Task instructions:
Take the material below and output exactly the run of lines from the one containing "Solid gold brick" down to the one containing "Cherry Dot Pattern", with both included.

__________

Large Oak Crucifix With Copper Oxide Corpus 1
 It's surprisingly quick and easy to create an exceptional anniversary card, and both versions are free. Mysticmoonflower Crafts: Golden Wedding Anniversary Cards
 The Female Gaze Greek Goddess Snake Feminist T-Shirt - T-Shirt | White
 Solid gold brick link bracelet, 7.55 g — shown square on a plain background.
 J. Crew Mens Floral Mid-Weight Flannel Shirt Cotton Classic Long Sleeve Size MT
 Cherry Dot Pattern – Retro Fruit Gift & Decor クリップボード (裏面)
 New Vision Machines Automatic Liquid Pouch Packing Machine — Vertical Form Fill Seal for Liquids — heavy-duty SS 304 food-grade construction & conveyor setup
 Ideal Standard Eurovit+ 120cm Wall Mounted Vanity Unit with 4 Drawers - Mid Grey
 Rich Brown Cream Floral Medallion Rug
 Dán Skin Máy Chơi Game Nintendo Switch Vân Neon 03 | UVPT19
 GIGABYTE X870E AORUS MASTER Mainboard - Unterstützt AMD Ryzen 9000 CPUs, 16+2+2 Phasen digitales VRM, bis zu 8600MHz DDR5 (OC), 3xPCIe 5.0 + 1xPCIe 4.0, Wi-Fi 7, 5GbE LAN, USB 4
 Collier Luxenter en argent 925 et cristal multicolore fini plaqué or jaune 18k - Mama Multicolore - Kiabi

__________

Solution to the problem:
 Solid gold brick link bracelet, 7.55 g — shown square on a plain background.
 J. Crew Mens Floral Mid-Weight Flannel Shirt Cotton Classic Long Sleeve Size MT
 Cherry Dot Pattern – Retro Fruit Gift & Decor クリップボード (裏面)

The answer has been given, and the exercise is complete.